Job Centre
Nick Clegg's has announced a £1billion taxpayer-funded scheme to subsidise jobs for the youth unemployed.

Bankers should pay for a jobs subsidy for unemployed young, according to Labour.

Nick Clegg's plan to pay for a jobs subsidy for unemployed young people by freezing tax credits "beggars belief", said a Labour minister.

The government is pledging £1billion of taxpayers' cash to firms that take on some of the 1 million unemployed young people, by giving them subsidies of £2,275 for six-month periods.

This will be paid for by freezing tax credits for three years, meaning they will rise at a rate less than inflation.

 "If the government is slashing working families tax credits to pay the bill for this new scheme, it beggars belief," said Liam Byrne, Labour's Shadow Work and Pensions Secretary.  

"That tells you everything you need to know about how out of touch the government is with the needs of our young people and squeezed middle families across Britain.

Byrne added: "Labour's five point plan for jobs includes a jobs fund that would create 100 000 jobs, but it would be paid for by a tax on bankers' bonuses."

Clegg said the three-year programme will start next April and create 160,000 jobs and 250,000 work experience placements.

The number of "Neets" - young people not in education, employment or training - has risen 12% in the past year, to 1.163million.

"We can't lose the skills and talent of our young people, right when we need them most," Clegg said

"We can't afford to leave our young men and women on the scrap heap. We need the next generation to help us build a new economy."

Some have welcomed the plans.

"This is good news for young people ... It will encourage firms to take a gamble on a young inexperienced person and help tackle the scourge of youth unemployment," said John Cridland, head of the Confederation of British Industry.

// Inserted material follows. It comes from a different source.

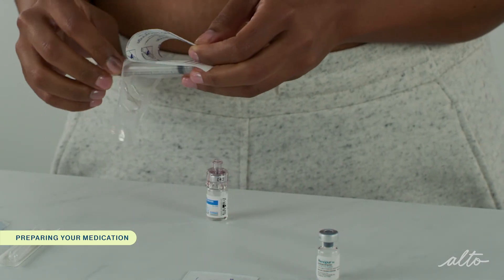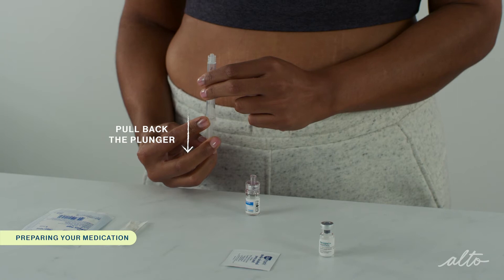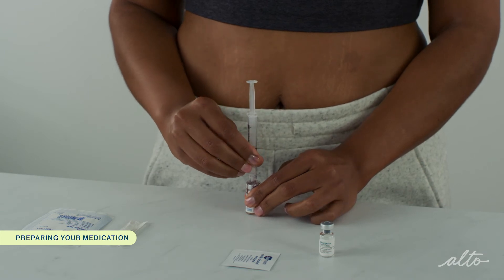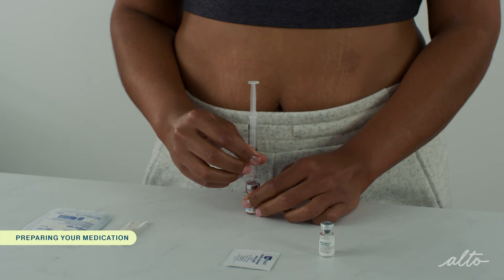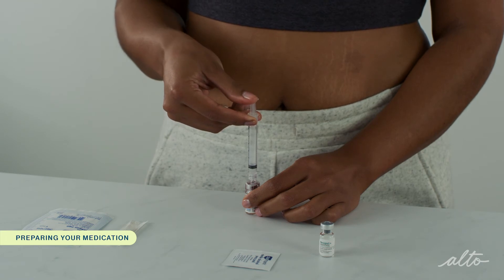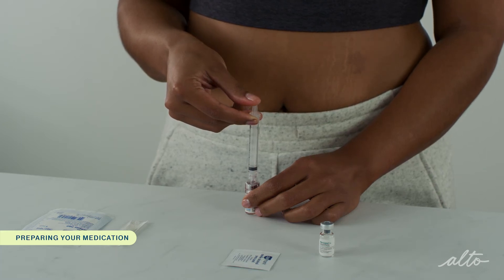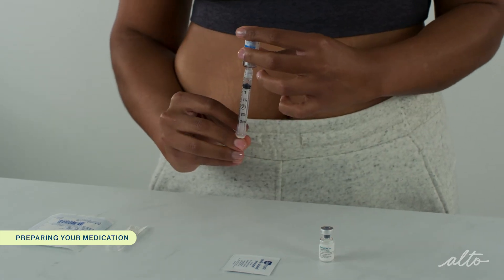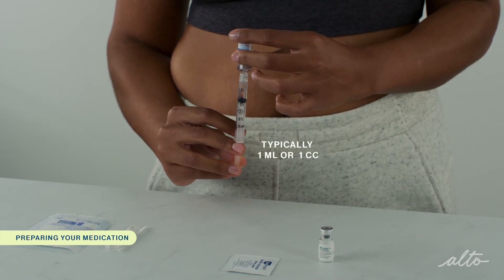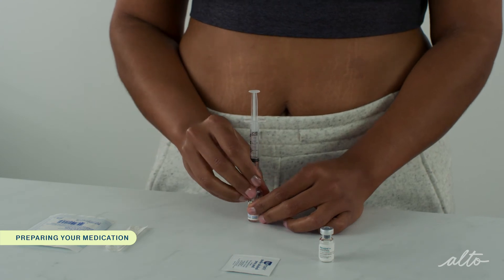Unwrap the syringe and pull back the plunger to draw air into the syringe. Fill the syringe with roughly the same amount of air as the amount of diluent you were instructed to mix with. Place the tip of the syringe into the connector end of the Q-cap and twist the syringe into place. The syringe is now connected to the Q-cap, which is connected to the vial. Press on the plunger to push the air in the syringe into the vial of diluent. Pushing the air into the vial makes it easier to withdraw the medication because the vials are pressurized. Without removing the Q-cap, invert the vial and pull back the plunger to withdraw the amount of diluent you were prescribed. For Menopur, this is typically one milliliter or one cc. Flip the vial back and remove the Q-cap and syringe from the vial as a single unit.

There are fears that a jobs subsidy will simply be used to fill menial roles with young people, rather than give any meaningful experience or training.

It's also feared that once one placement ends, rather than take the young person on full-time and without a taxpayer subsidy, firms will simply pick up a new Neet and enjoy another government cash injection.

Recently a Guardian report revealed that the government's work experience scheme for unemployed people exploited the jobless.

They worked long hours for no money with big companies, at risk of losing their benefits if they refused.